Wanting to lose weight isn’t shameful. By Hilary Kinavey, MS, LPC
I’ve been hearing this recently:
“People want to be able to talk about losing weight and not be shamed because of it.”
Yes. Agreed.
It is a misconception to believe that everyone comes to a weight-neutral practitioner or organization on-board with body acceptance. Our offices are full of people who feel they must speak in whispers about how, underneath all their liberal feminism, they really still want to lose weight.
In fact, many of our clients over the years ABSOLUTELY want body liberation for everyone else but hesitate when it comes to themselves (this body acceptance stuff doesn’t come easy). The truth is, most people we work with at Be Nourished want to lose XX pounds before they work on accepting their bodies.
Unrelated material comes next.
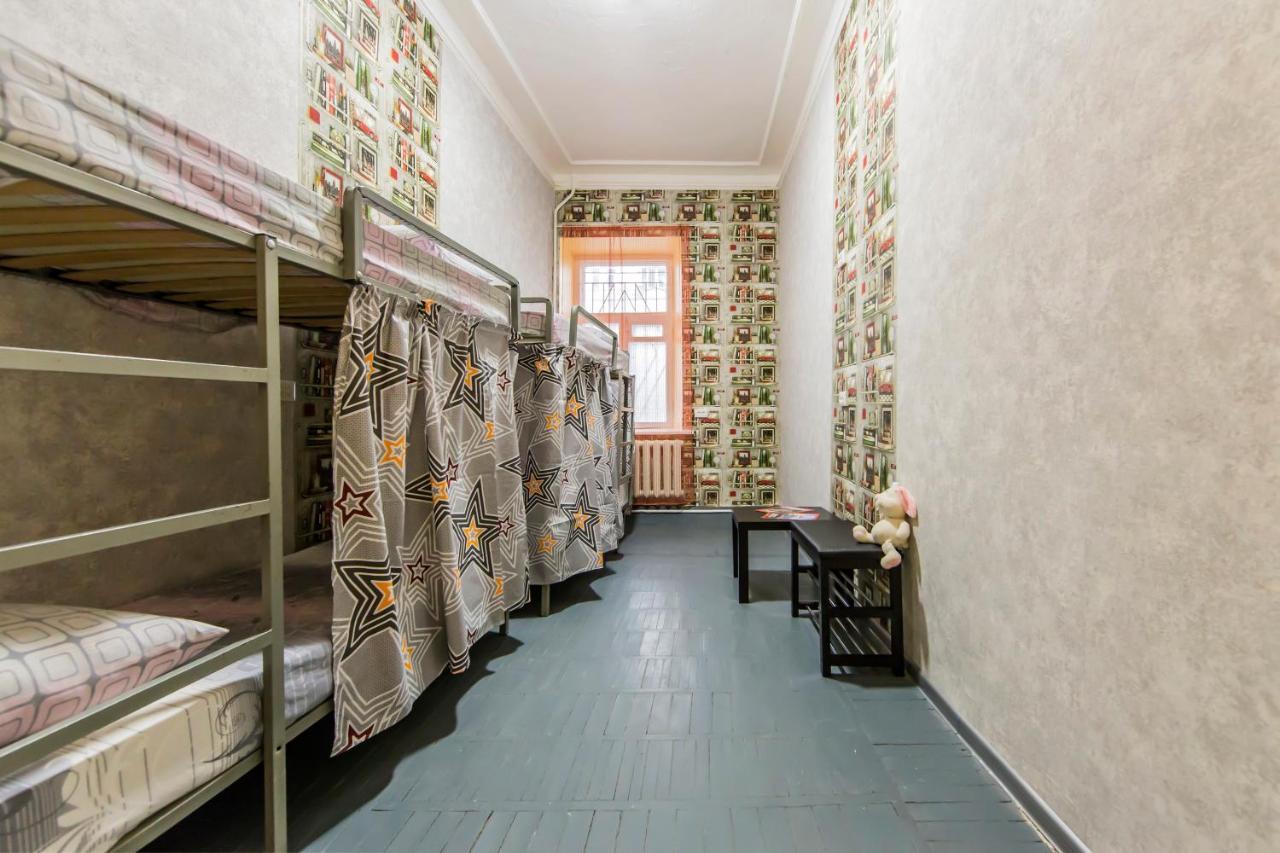 Hostel Vokzalnaya Kiev Esterno foto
“Good feminists” aren’t required to love their bodies. If you feel bad about not loving your body you are
actually in a big feminist club. But it also doesn’t make weight loss the answer.
Practitioners who offer weight loss may not understand the necessity to heal relationship with food and body in order to create the conditions that make body acceptance possible. Once you heal that stuff, the concept of weight loss is way too tiny to fit all the radical self-care you will employ to honor all that you are.
But, if you are anticipating shame from the Body Pos/HAES/Fat Liberation movement for desiring weight loss, let’s talk.
Some folks believe there is a problem with the Body Pos, Fat Liberation and HAES movements—they are just going too far! Why are they so extreme? So prickily? What’s the big deal if someone wants to lose a few pounds? Where truly is the liberation in this movement? Shouldn’t people have sovereignty over their own bodies, including wanting to lose weight?
If this has been your question then you
have named what feels complicated to many about this movement. Some days I would rather not enter into this debate at all. These are tough conversations. I know folks are feeling alienated on both sides.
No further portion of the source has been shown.